··· Data for this exercise
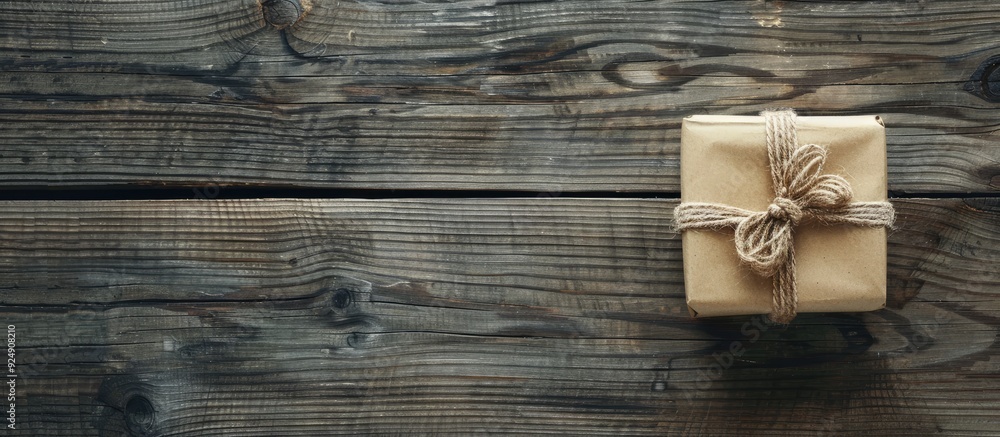 Leinwandbilder A present box displayed on a rustic wooden surface with a blank space for an image. Creative banner. Copyspace image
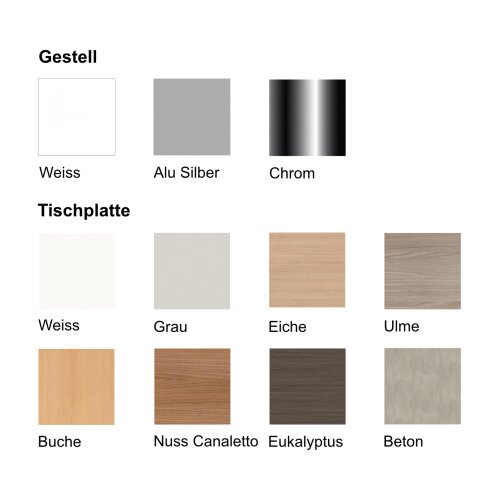 Besprechungstisch Oval, Breite: 240, Dekor:  Eukalyptus, Säulenfuss: alu silber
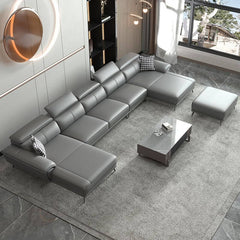 Luxurious leather sofa in a contemporary setting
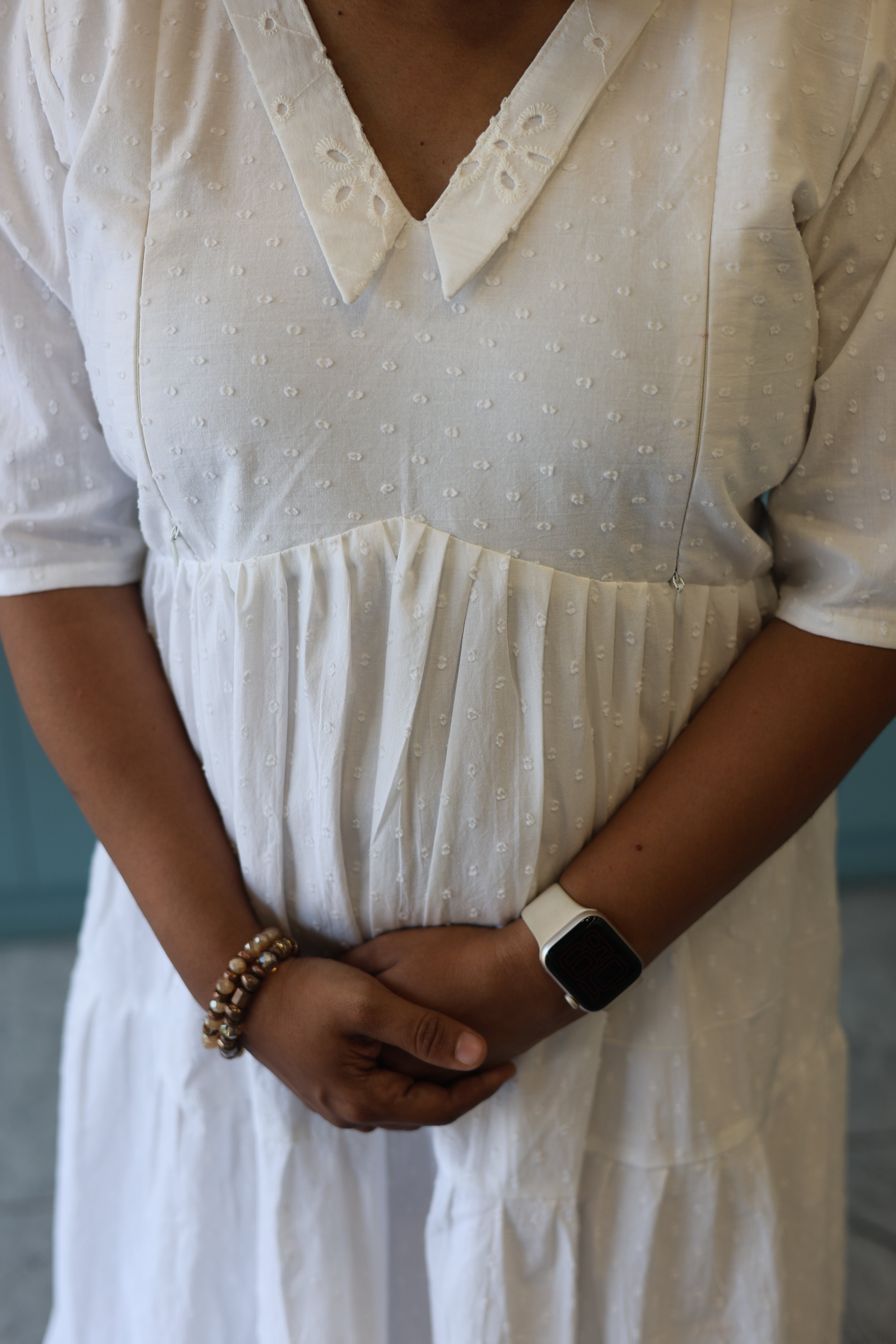 WHITE 3 TEIRED FLARED COTTON DRESS | MATERNITY DRESS| FEEDING DRESS| MK-MW-1078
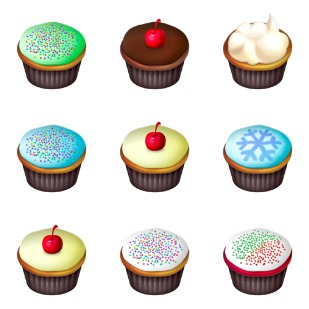Cupcakes icon sets preview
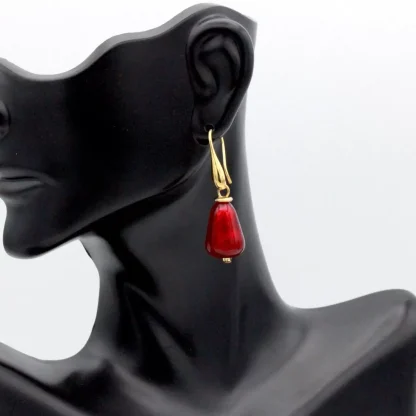 Red Murano glass teardrop earring 1 1/2 inch teardrop shape in gold tone wires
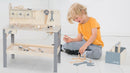 Werkbank, große Holzwerkbank, inkl. Werkzeugset, großer Arbeitsplatte, Ablage, 3 Schubfächern
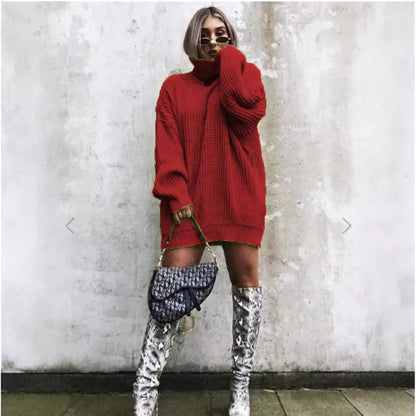 Pull en grosse maille pour femmes avec col haut et coupe décontractée Chic und Still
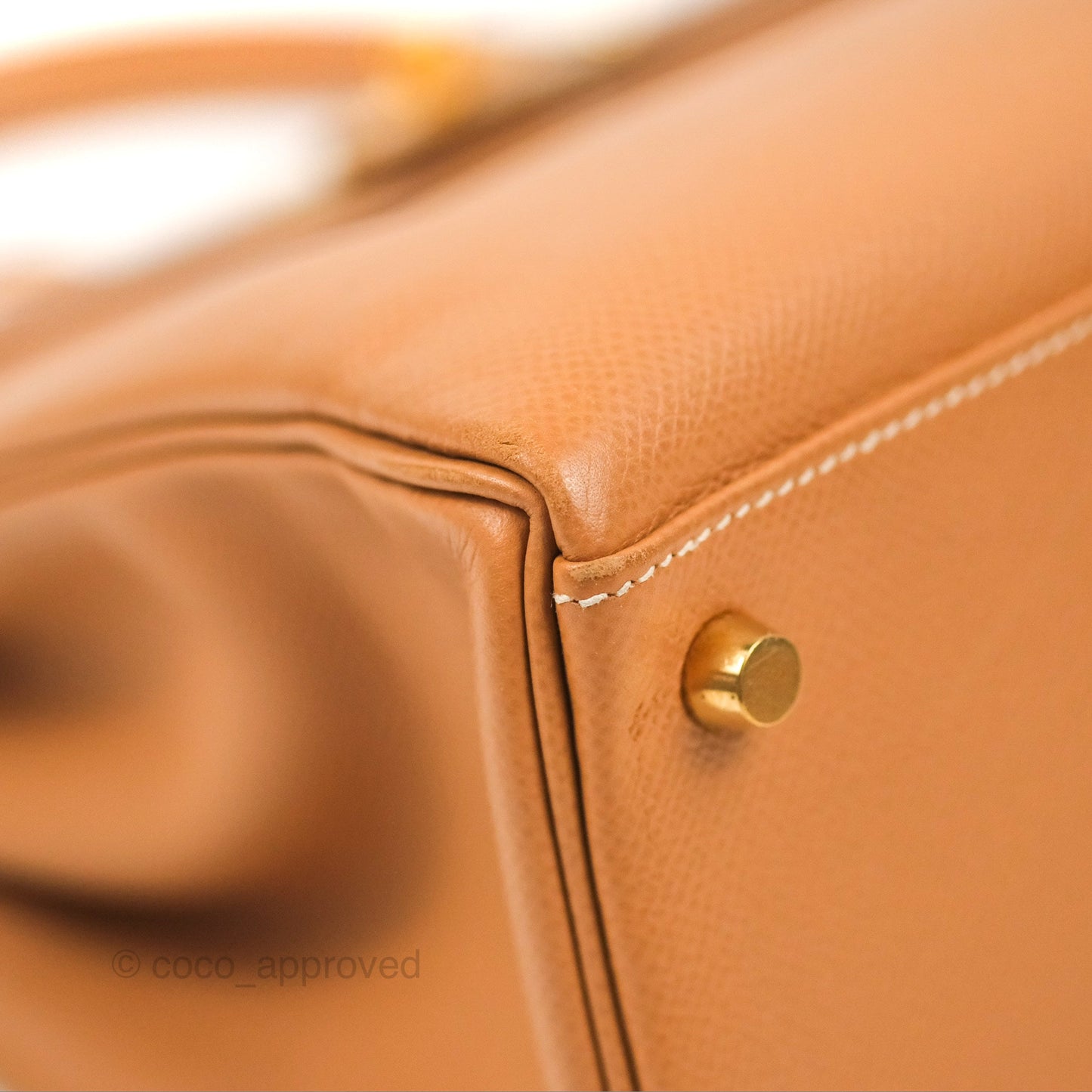 Hermès Kelly 32 Retourne Natural Epsom Gold Hardware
······
Write the lines out word for word, starting at the one with "Luxurious leather sofa" and stopping after the last line of the material above, with pictures excluded.

### Result below
 Luxurious leather sofa in a contemporary setting
 WHITE 3 TEIRED FLARED COTTON DRESS | MATERNITY DRESS| FEEDING DRESS| MK-MW-1078
Cupcakes icon sets preview
 Red Murano glass teardrop earring 1 1/2 inch teardrop shape in gold tone wires
 Werkbank, große Holzwerkbank, inkl. Werkzeugset, großer Arbeitsplatte, Ablage, 3 Schubfächern
 Pull en grosse maille pour femmes avec col haut et coupe décontractée Chic und Still
 Hermès Kelly 32 Retourne Natural Epsom Gold Hardware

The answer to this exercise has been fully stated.